The Michelin Pilot Sport all-season tires are perhaps the only limitation of the 1LT package.

Steven Ewing/Roadshow

But here's the thing: On several runs along my usual canyon test route north of Los Angeles, nothing about this base Corvette lets me down. It's clear that even the most stripped-down C8 is a fantastic driver's car through and through. In fact, it's one of the most memorable sports cars I've tested this year -- especially at this price. Frankly, all the Corvette most people really need.

The only real limitation here is the choice of all-season tires. But even then, I don't think the majority of Corvette owners will ever exceed the limits of what the Michelin Pilot Sport rubbers can muster (Chevy says they're good for 1.0 G of lateral grip, remember). If for some reason you find yourself needing something stickier, a whole slew of summer options are available from tire shops around the country. Besides, a $1,500 set of Pilot Sport Cup 2s is slightly easier to justify on what is, effectively, a $60,000 supercar.
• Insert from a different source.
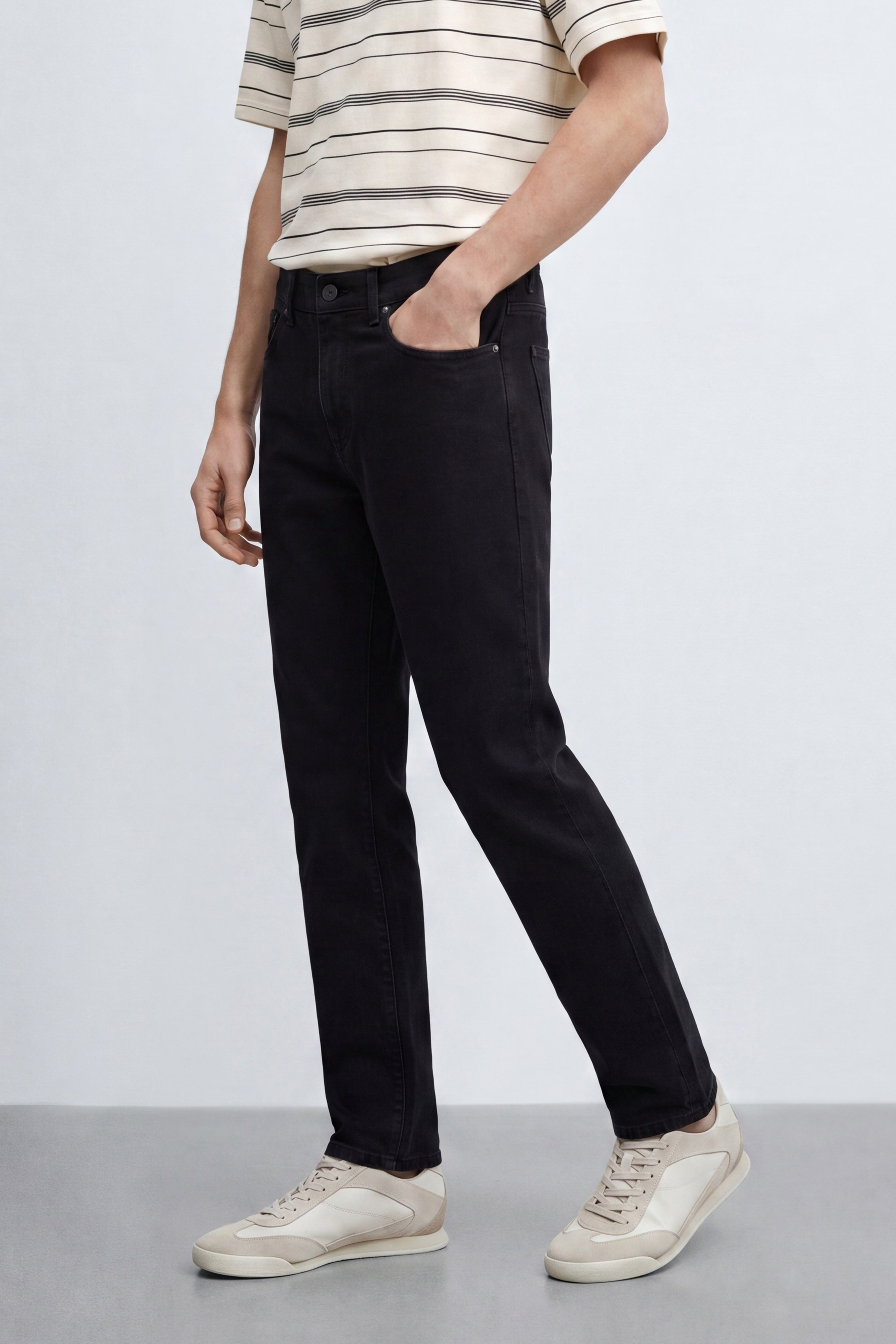 Relaxed Fit Cotton Pants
And I do mean supercar. Just look at this thing; not a single part of the 1LT's appearance says "base Corvette." You get the same staggered 19-inch front and 20-inch wheels as other trims, and I don't have any qualms with the standard silver-painted look. Every Corvette comes with sharp LED headlamps and nothing about the long, low, wide proportions changes from model to model.

The Corvette's tech game is strong, even on the base car. As for the rest of the cabin, its problems aren't unique to the 1LT.

Steven Ewing/Roadshow

The only big difference is that cars without the Z51 performance pack lose the rear wing, and while I'm normally a spoiler-delete kind of guy, I kind of think the Corvette needs it. I'll go on record as saying I think the Stingray is pretty ugly from the dead-on rear and rear three-quarter views. Chevy's outdated notion that its mid-engine sports car needs to have a trunk wide and deep enough for two golf bags ends up squaring-off what could've been a shapely behind. 
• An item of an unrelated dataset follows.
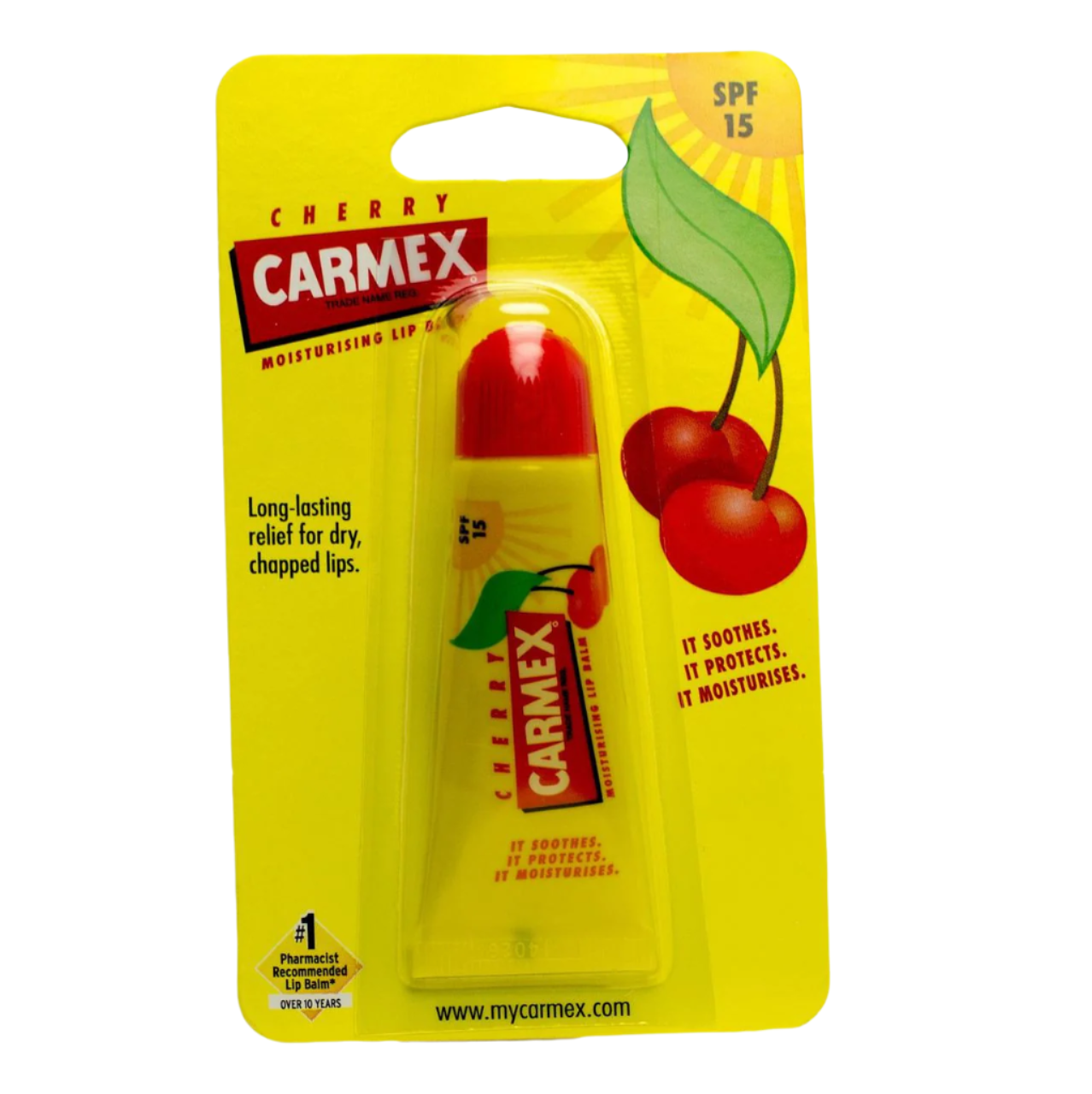 Carmex Cherry Moisturising Lip Balm Tube SPF 15 – 10g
The Corvette's interior is hardly basic, with perforated leather wrapping the standard GT1 seats. And while these chairs aren't as comfortable as supportive as more expensive GT2 and GT3 options, I can't find a reason to complain. The seating position is excellent and never leaves me sliding around during spirited driving. The leather-wrapped steering wheel feels great, too, though I hate its squircle shape, which doesn't really lend itself to nine-and-three hand placement.

As far as in-car tech is concerned, the Corvette offers some of GM's best. That 12-inch digital gauge cluster is standard across the board and it looks awesome, with colorful, reconfigurable displays. Move to the center stack and Chevy's Infotainment 3 setup is housed on a eight-inch, high-definition touchscreen. Upper trim levels include embedded navigation, but the C8 comes standard with Android Auto and Apple CarPlay, so if you have a phone and a USB cable, you're all set.
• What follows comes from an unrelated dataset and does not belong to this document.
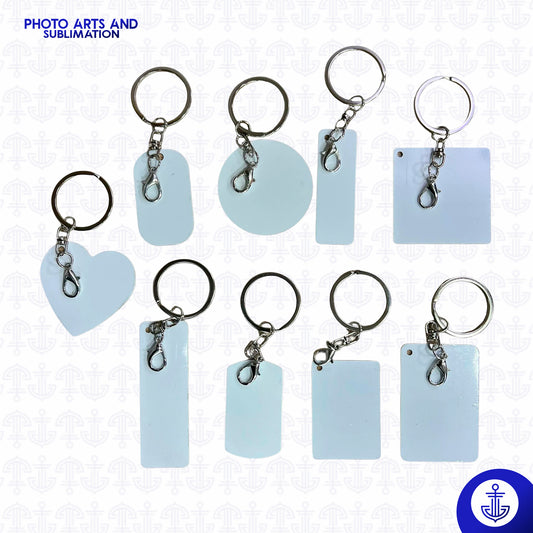 Llavero en Aluminio Sublimable Doble Cara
The Corvette kind of needs the Z51's wing to make the rear end work, but even without it, the Stingray will never fail to turn heads.

Steven Ewing/Roadshow

The 1LT doesn't offer much in the way of driver-assistance tech, sadly, with only rear parking assist and a backup camera. You can get rear cross-traffic alert and blind-spot monitoring on more expensive Corvettes, and I might recommend the latter, since rearward visibility is kind of horrible. But don't lament the loss of things like automatic emergency braking or adaptive cruise control because Chevy doesn't offer this stuff on any Corvette trim, period.

Really, any issues I have with the Corvette aren't specific to the 1LT trim. Some of the plastic panels don't feel great, the accent stitching looks cheap and the whole center console is kind of an ergonomic mess. Maybe the single-column climate controls would become second-nature if I owned one of these, but the learning curve still involves a hunt-and-peck method of selection. That, and there's nowhere for your passenger to rest their left arm.

Taken as a whole, however, the 2020 Corvette Stingray 1LT is a sports-car bargain that's absolutely unmatched. Chevrolet's more expensive versions offer more creature comforts and widen the performance envelope, sure, but I'll be damned if this base Corvette isn't hugely impressive in its own right. Good luck finding a comparable experience for $59,995 out the door.